Task objective —
A faithful copy of every record is needed here. Images must not appear in it.

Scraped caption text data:
※
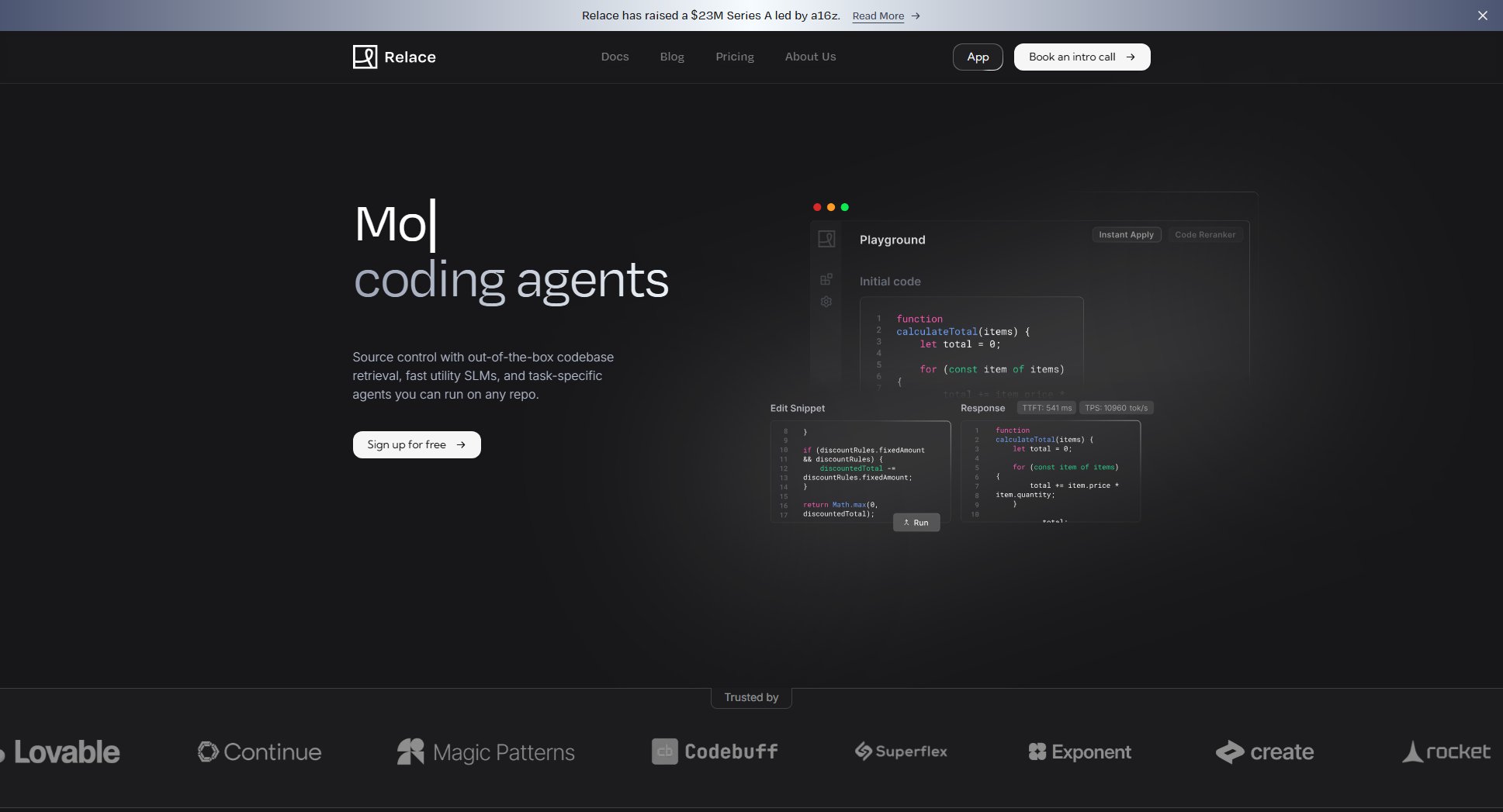 Relace Relace Interface & Screenshots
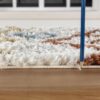 Loft Shag - 5' 3" X 7' Shaggy Area Rug Polypropylene - Ivory - Image 3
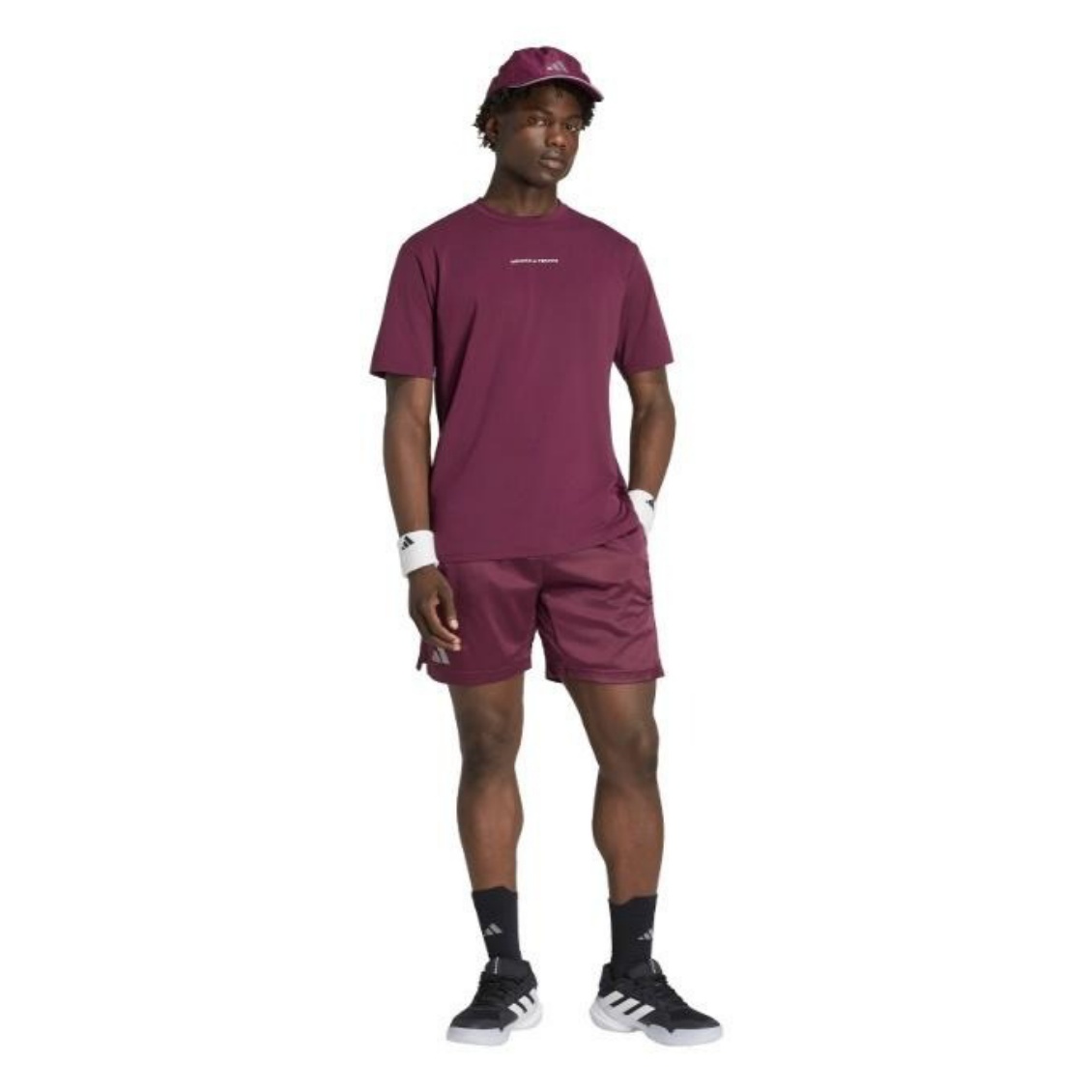 Adidas กางเกงเทนนิสผู้ชาย Climacool ERGO shorts Pro | Maroon ( KR0484 ) - Image 6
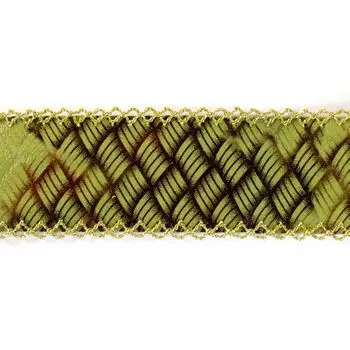 Тесьма 108750 4см*1,5м (зеленый/коричневый)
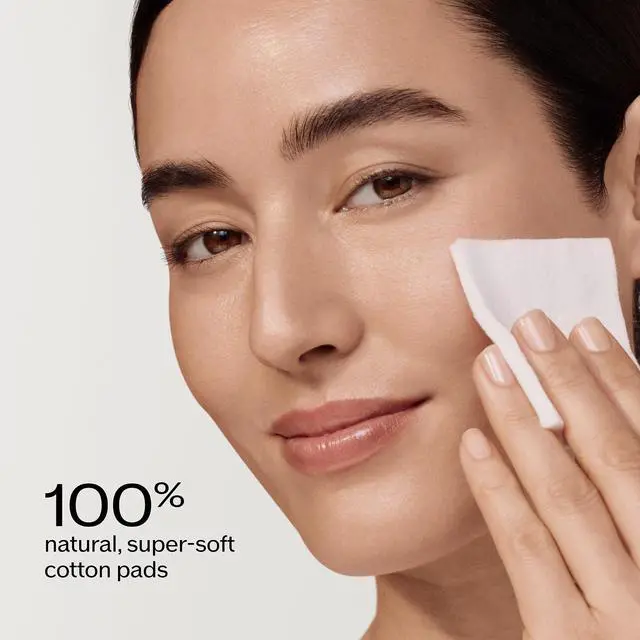 Alt view image 2 of 5 - Shiseido Facial Cotton Pads - Includes 165 Squares - for Softener Application & Makeup Removal - 100% Natural, Super Soft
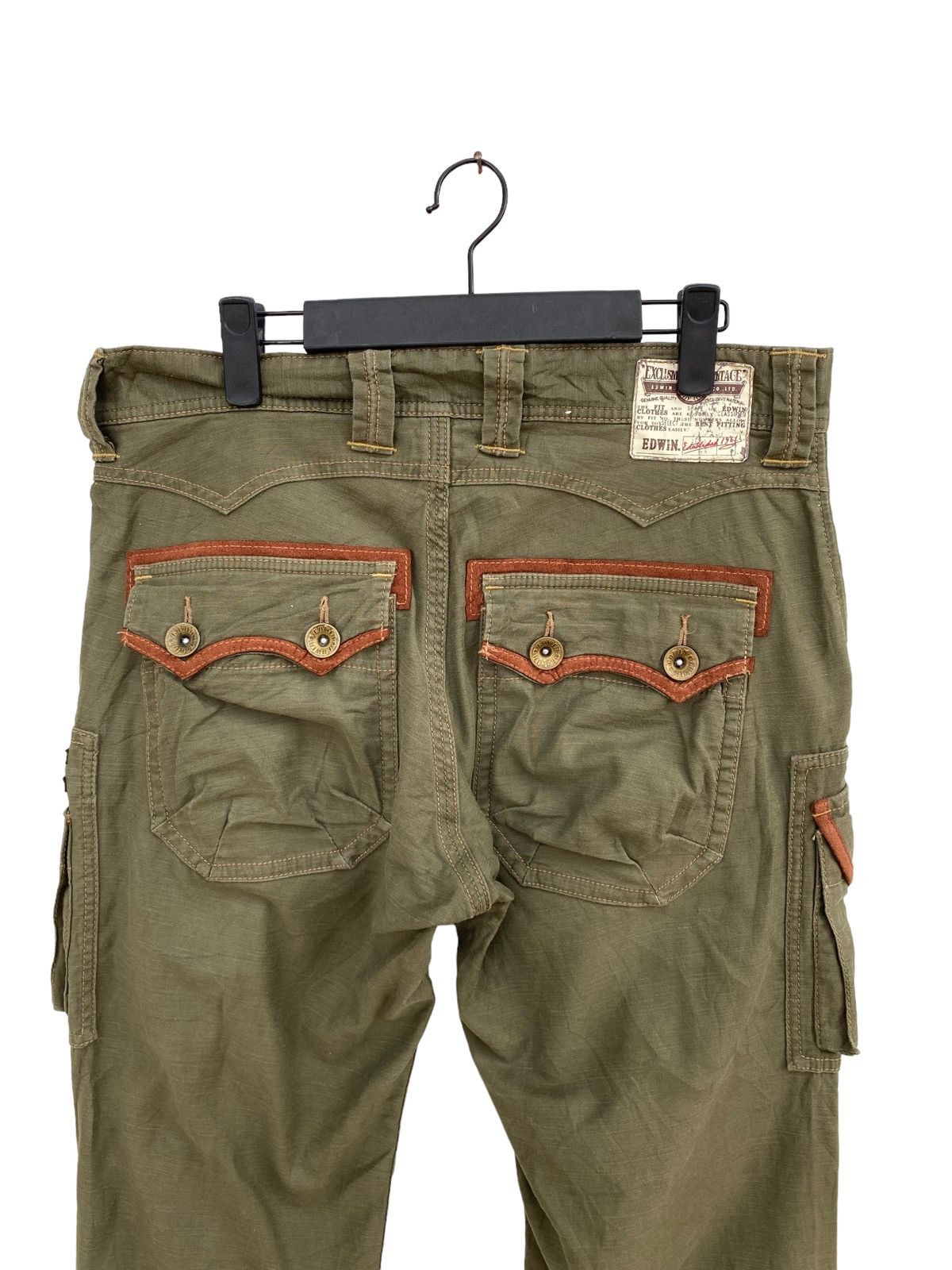 Edwin Edwin Exclusive Vintage Utility Trousers Cargo Pant Size US 34 / EU 50 - 3 Thumbnail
※
Problem solution —
 Relace Relace Interface & Screenshots
 Loft Shag - 5' 3" X 7' Shaggy Area Rug Polypropylene - Ivory - Image 3
 Adidas กางเกงเทนนิสผู้ชาย Climacool ERGO shorts Pro | Maroon ( KR0484 ) - Image 6
 Тесьма 108750 4см*1,5м (зеленый/коричневый)
 Alt view image 2 of 5 - Shiseido Facial Cotton Pads - Includes 165 Squares - for Softener Application & Makeup Removal - 100% Natural, Super Soft
 Edwin Edwin Exclusive Vintage Utility Trousers Cargo Pant Size US 34 / EU 50 - 3 Thumbnail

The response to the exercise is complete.